The biggest German bank (by far) had a board of directors and a board advisory committee of some sort. They then had to justify their decision -making process, and it turned out that the ones suggesting plans were the same ones who told the board members how to vote on them. For their trouble, the board members were getting a "modest" 20 million euros apiece, which, even after heavy German taxes, left them with about 8 million euros free and clear to play with. They are now looking at a "stark" reduction of down to 10 million euros, but seeing as how they didn't do much more than collect their money and rubber-stamp decisions laid before them, I guess they might have had to admit that they were well-compensated, even at half the price. There is also some re-structuring going on. Apparently the advisory committee is supplying some members of a newly expanded board of directors.

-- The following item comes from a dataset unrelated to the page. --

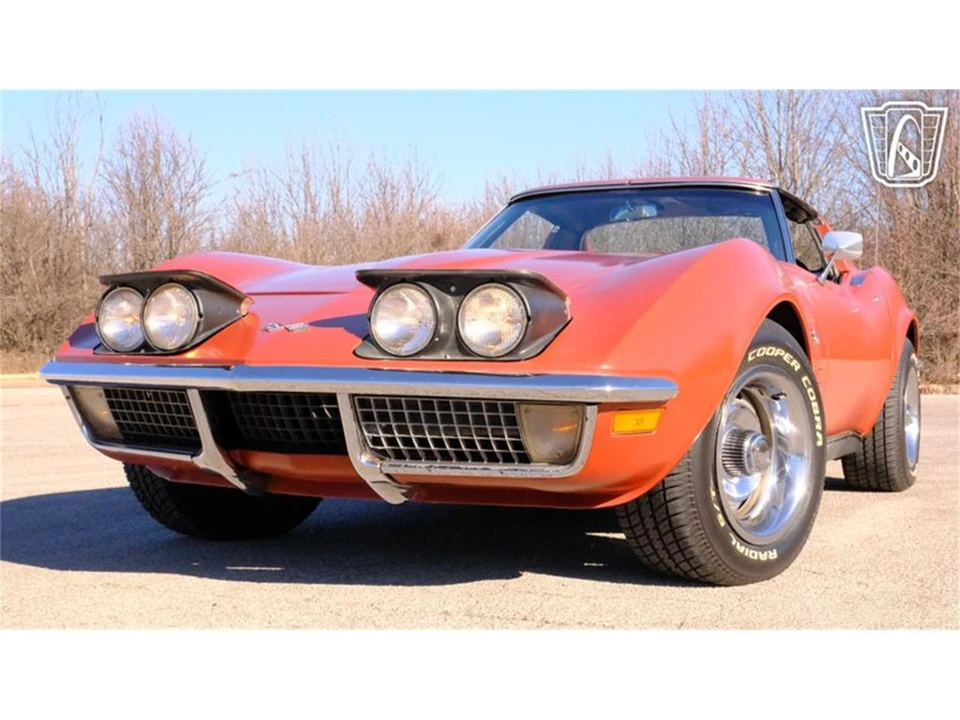 1970 Chevrolet Corvette C3 - Image 3 of 31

This is far from my area of expertise, and I'm getting this from some people who have been given the thankless task of coming up with an explanation as to why (or if) all this stuff has been legal. The thing is, the chart of who controls what is so complex (presumably deliberately so) that it is nearly impossible to make heads or tails of the real decision-making process. The only thing that is sure is that there are a very few guys siphoning off a few hundred million a year into their own pockets for doing, for most of the year, little more than breathing and voting for pre-determined proposals a few times a year at meetings in hardship places like Monte-Carlo or Phuket. God only knows what the people who benefit by their decisions are getting out of this situation, but I rather doubt it's less.
Keep voting the right way, collect your money (now THAT'S what I call passing GO!), as long as you keep yer fat trap shut about it, you keep your position..
Now, the authorities are getting curious as to how all this works. They might not like what they find, and the public (not to mention the shareholders) might like it less--assuming there is anything left for them to find. It's not like the handwriting hasn't been on the wall for a while now.
Who wants to bet that the German-speaking ex-pat community in Brazil, Thailand and Monaco is soon to expand by a dozen or two well-heeled members?